Malcolm A. Kline is the Executive Director of Accuracy in Academia.
If you would like to comment on this article, e-mail mal.kline@academia.org
Joe Biden
"The essay section of the AP English Language and Composition exam, also called the free-response section, requires you to write three essays. As of May 2007, you're given 2 hours and 15 minutes to complete the essays. (This includes an extra 15 minutes exclusively for reading the passages for the synthesis essay.) The suggested time for writing each essay is 40 minutes. You must complete all three essays within the 2-hour writing time limit. You must write an essay on each of the three essay topics; you have no alternative choices.

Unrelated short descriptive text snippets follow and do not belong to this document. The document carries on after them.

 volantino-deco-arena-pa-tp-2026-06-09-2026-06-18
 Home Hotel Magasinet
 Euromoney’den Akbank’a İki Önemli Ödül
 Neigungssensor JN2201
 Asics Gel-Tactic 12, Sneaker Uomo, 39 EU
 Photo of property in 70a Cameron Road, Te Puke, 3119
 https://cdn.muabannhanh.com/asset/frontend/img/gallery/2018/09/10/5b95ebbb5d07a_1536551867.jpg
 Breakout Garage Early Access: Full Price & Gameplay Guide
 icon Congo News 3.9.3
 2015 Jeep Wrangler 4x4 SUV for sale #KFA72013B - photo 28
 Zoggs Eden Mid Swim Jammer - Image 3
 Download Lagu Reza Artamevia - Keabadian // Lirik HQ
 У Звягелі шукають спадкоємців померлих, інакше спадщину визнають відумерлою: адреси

Each of the three essays is equally weighted at one-third of the total essay score, and the total for the essay portion equals 55% of the entire AP test score. You're given an essay-writing booklet in which to write your essays; the actual test booklet includes some blank space to plan your essays."
Three essays in 2 hours? That doesn't leave a lot of time for proof-reading, corrections or re-writes; and even the BEST writers make mistakes in their 'drafts'.
It might be intersting to see what the writer of the article could come up with if HE was required to write something for critical review under that tight a deadline.
Done it. I wrote the same exam, was out in about an hour.
Advantageous to anyone old enough to have proofed by hand and composed by hand. I’m just old enough, we didn’t write by computer until about junior high or so.
The author has surely hit the nail between the eyes this time.
I also wrote the AP English exam when I was in High School. However, I am 100% sure I had SOME errors in the essays I wrote which I would have been embarassed about had they been pointed out to me.
That's not so much a malapropism as a mangled metaphor.
Now, if you'll excuse me, I need to make like a tree and split.
Disclaimer: Opinions posted on Free Republic are those of the individual posters and do not necessarily represent the opinion of Free Republic or its management. All materials posted herein are protected by copyright law and the exemption for fair use of copyrighted works.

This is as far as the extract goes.